The optimum viscosity at operating temperature is 22 to 35 cSt, for moderate-speed bearings if no shock loading occurs. The optimum viscosity may be as high as 95 cSt for low-speed, heavily loaded or shock-loaded journal bearings.
Using this method requires some knowledge of the oil temperature within the bearing under operating conditions, which can be difficult to determine. Fortunately, an accurate oil temperature is not needed for most viscosity determinations. It is common to determine the temperature of the outer surface of the pipes carrying oil to and away from the bearing.
The temperature of the oil inside of the pipes will generally be higher (5 to 10°C, 10 to 18°F) than the outer metal surface of the pipe. The oil temperature within the bearing can be taken as the average of the oil entering versus the temperature exiting the bearing.4
A third and more complex method is to calculate the oil viscosity needed to obtain a satisfactory oil film thickness. Persons wishing to learn more about this method should seek information regarding the Sommerfeld equation and either eccentricity ratios or Reynolds Numbers.4
If the oil selected is too low in viscosity, heat will generate due to an insufficient film thickness and some metal-to-metal contact will occur. If the oil is too high in viscosity, heat will again be generated, but due to the internal fluid friction created within the oil. Selecting an oil which is too high in viscosity can also increase the likelihood of cavitation.
The high- and low-pressure zones, which are created within the oil on each side of the area of minimum film thickness, can cause oil cavitation in these bearings. Cavitation is a result of expansion of dissolved air or a vapor (water or fuel) in the low-pressure zone of the bearing.
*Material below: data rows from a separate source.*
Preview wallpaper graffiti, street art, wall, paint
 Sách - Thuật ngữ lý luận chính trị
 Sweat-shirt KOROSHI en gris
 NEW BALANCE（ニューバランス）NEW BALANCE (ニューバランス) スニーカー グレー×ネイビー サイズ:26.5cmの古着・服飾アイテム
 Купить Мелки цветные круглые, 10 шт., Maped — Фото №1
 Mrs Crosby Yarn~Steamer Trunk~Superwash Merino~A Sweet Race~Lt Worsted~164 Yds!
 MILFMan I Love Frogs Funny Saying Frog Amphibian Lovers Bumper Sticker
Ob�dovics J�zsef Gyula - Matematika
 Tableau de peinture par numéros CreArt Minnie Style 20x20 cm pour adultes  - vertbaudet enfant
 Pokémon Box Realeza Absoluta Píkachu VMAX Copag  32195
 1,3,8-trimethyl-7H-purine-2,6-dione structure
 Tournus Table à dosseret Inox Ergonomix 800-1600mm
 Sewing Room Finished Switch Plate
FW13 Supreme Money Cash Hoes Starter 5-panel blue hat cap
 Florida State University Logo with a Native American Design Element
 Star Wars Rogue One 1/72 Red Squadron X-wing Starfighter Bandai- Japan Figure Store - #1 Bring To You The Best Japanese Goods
The resulting bubble implodes, causing damage, as it passes through the high-pressure portion of the bearing. If the implosion or collapse of the vapor bubble occurs next to the metal surface, this can cause cavitation pitting damage to the metal. If the implosion of the bubble occurs within the oil, a micro hot spot or micro-dieseling can occur, which may lead to varnishing within the system.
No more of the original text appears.